- **SOURCE MATERIAL**
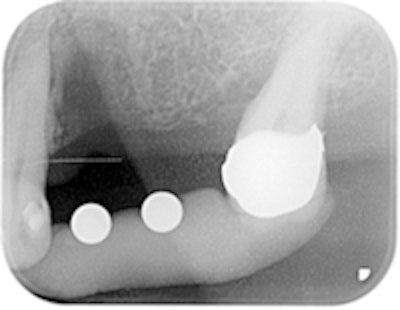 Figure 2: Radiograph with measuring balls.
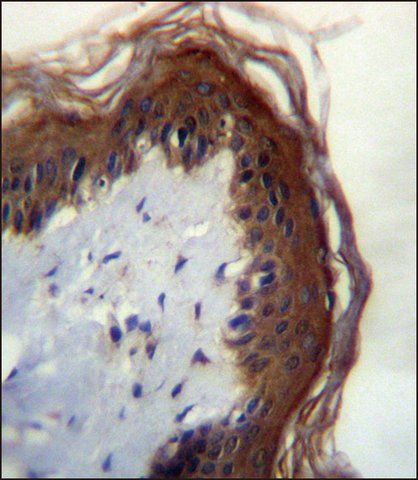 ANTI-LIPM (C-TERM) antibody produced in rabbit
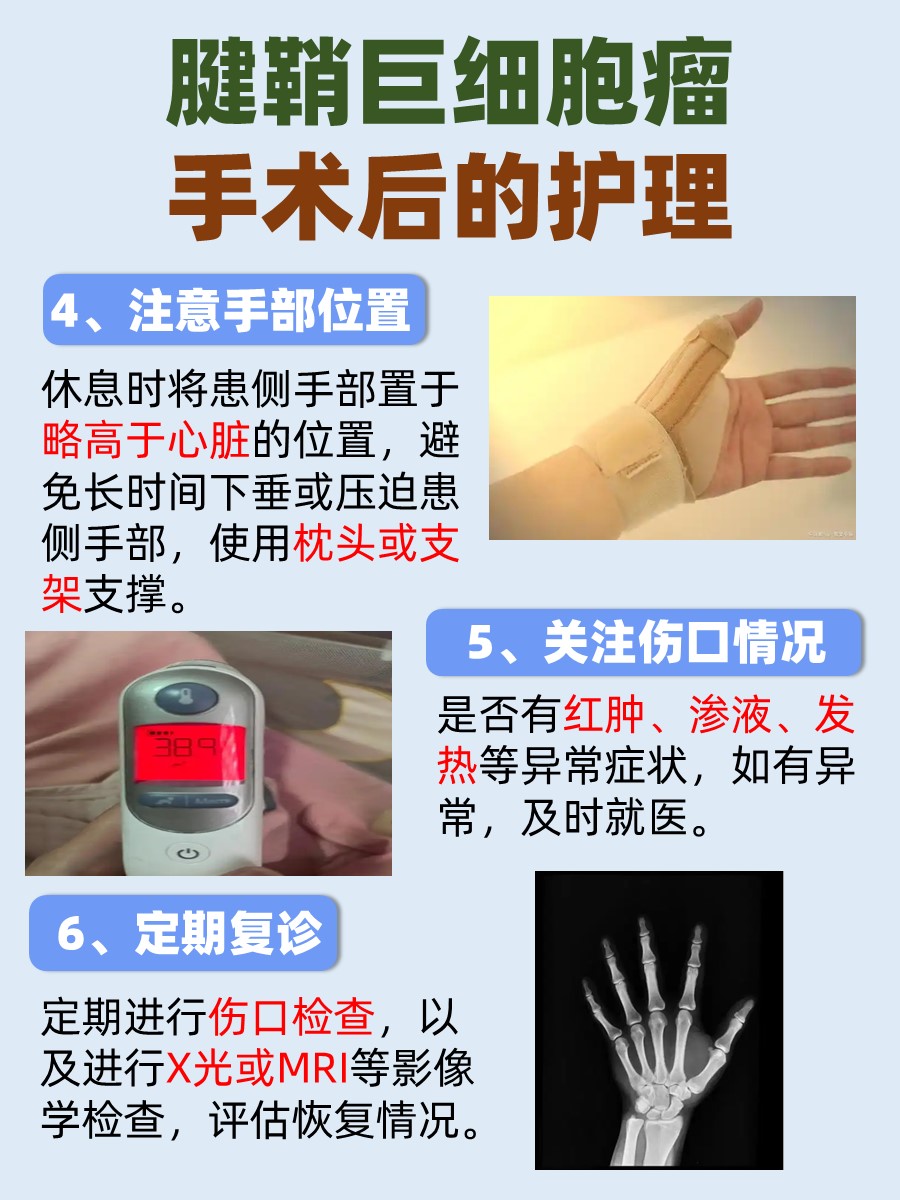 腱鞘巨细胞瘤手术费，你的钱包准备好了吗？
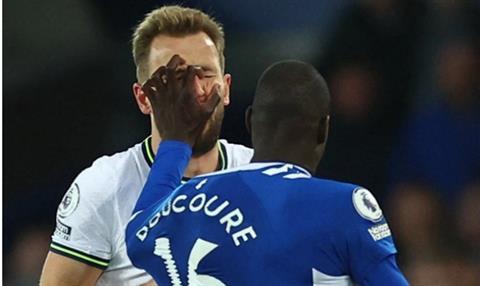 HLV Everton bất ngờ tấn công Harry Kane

- **PROBLEM DETAILS**
What the reply must contain is an exact transcription of the data above and none of its pictures.

- **ANSWER TO THIS TASK**
 Figure 2: Radiograph with measuring balls.
 ANTI-LIPM (C-TERM) antibody produced in rabbit
 腱鞘巨细胞瘤手术费，你的钱包准备好了吗？
 HLV Everton bất ngờ tấn công Harry Kane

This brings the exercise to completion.